[Extracted records]
::::

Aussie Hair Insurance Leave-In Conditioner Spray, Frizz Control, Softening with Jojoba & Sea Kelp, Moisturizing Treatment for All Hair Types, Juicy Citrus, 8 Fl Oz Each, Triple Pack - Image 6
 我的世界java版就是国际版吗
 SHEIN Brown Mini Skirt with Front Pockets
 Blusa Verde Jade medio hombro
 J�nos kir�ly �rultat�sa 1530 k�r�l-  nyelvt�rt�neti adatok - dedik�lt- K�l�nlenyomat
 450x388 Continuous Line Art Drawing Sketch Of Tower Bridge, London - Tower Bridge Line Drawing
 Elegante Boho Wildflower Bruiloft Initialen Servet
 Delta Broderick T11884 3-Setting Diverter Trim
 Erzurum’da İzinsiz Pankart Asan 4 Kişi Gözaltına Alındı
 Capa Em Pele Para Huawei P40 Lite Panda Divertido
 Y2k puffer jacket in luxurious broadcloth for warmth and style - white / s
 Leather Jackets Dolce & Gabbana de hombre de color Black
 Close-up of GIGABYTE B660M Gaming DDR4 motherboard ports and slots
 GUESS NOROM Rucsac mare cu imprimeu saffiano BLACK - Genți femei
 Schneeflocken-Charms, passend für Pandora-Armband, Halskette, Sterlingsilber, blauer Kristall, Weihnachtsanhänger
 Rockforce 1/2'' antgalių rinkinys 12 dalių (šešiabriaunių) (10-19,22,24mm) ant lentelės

::::

WORK REQUEST :: What is needed is a word-for-word restatement of all the data.

EXERCISE RESPONSE ::
Aussie Hair Insurance Leave-In Conditioner Spray, Frizz Control, Softening with Jojoba & Sea Kelp, Moisturizing Treatment for All Hair Types, Juicy Citrus, 8 Fl Oz Each, Triple Pack - Image 6
 我的世界java版就是国际版吗
 SHEIN Brown Mini Skirt with Front Pockets
 Blusa Verde Jade medio hombro
 J�nos kir�ly �rultat�sa 1530 k�r�l-  nyelvt�rt�neti adatok - dedik�lt- K�l�nlenyomat
 450x388 Continuous Line Art Drawing Sketch Of Tower Bridge, London - Tower Bridge Line Drawing
 Elegante Boho Wildflower Bruiloft Initialen Servet
 Delta Broderick T11884 3-Setting Diverter Trim
 Erzurum’da İzinsiz Pankart Asan 4 Kişi Gözaltına Alındı
 Capa Em Pele Para Huawei P40 Lite Panda Divertido
 Y2k puffer jacket in luxurious broadcloth for warmth and style - white / s
 Leather Jackets Dolce & Gabbana de hombre de color Black
 Close-up of GIGABYTE B660M Gaming DDR4 motherboard ports and slots
 GUESS NOROM Rucsac mare cu imprimeu saffiano BLACK - Genți femei
 Schneeflocken-Charms, passend für Pandora-Armband, Halskette, Sterlingsilber, blauer Kristall, Weihnachtsanhänger
 Rockforce 1/2'' antgalių rinkinys 12 dalių (šešiabriaunių) (10-19,22,24mm) ant lentelės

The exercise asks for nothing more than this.